Your copy starts at the line containing "Basics of Congenital Heart Disease" and ends at the last line below. Copy exactly, without pictures.

Scraped caption text data
__________
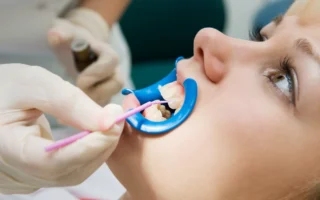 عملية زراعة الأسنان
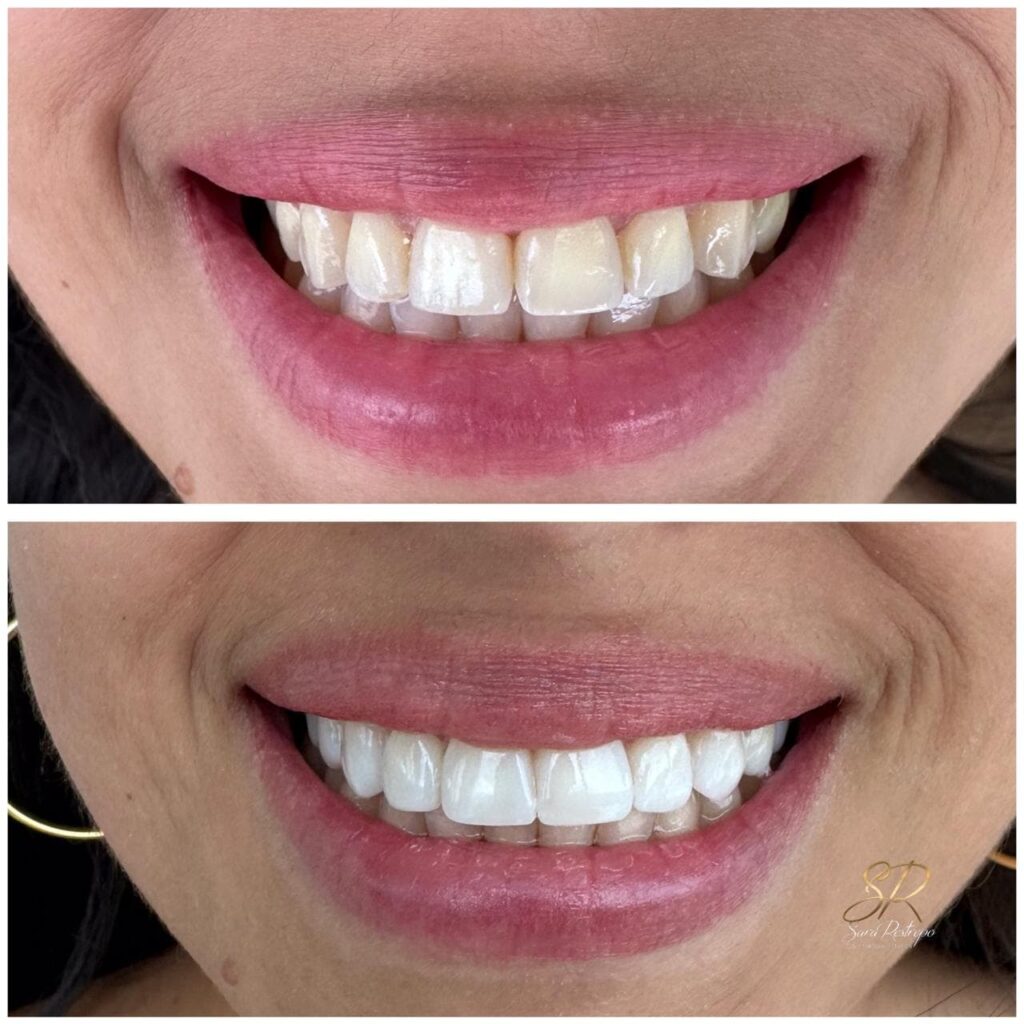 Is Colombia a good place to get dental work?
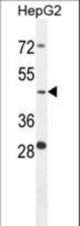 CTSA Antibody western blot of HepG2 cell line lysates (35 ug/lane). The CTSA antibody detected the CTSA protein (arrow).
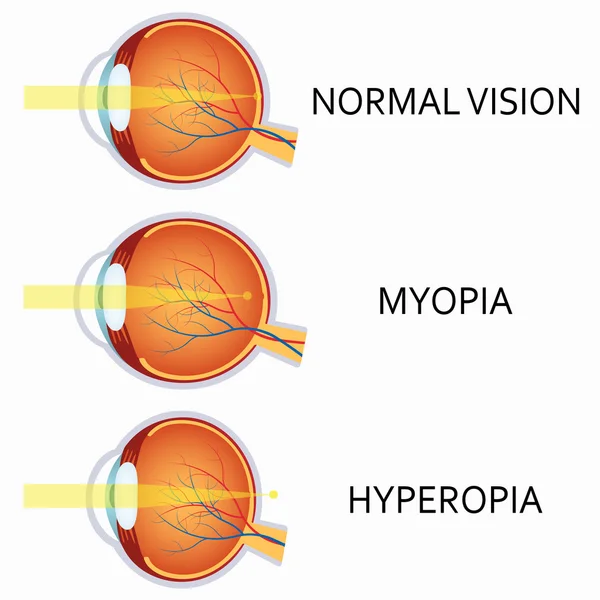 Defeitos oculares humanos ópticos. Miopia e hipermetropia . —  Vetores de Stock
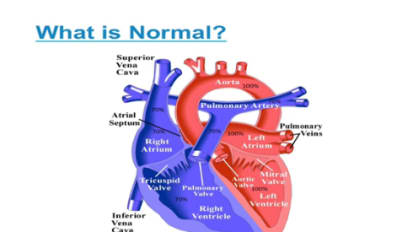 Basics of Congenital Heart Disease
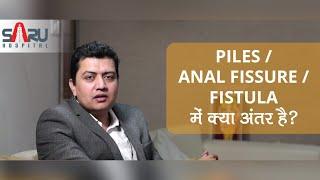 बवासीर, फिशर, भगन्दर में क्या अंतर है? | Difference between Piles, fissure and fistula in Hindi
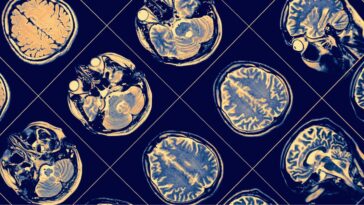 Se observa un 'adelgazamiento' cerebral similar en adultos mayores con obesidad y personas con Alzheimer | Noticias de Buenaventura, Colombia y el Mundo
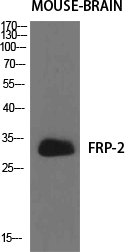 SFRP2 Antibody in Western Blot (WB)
__________
(Solution below):
 Basics of Congenital Heart Disease
 बवासीर, फिशर, भगन्दर में क्या अंतर है? | Difference between Piles, fissure and fistula in Hindi
 Se observa un 'adelgazamiento' cerebral similar en adultos mayores con obesidad y personas con Alzheimer | Noticias de Buenaventura, Colombia y el Mundo
 SFRP2 Antibody in Western Blot (WB)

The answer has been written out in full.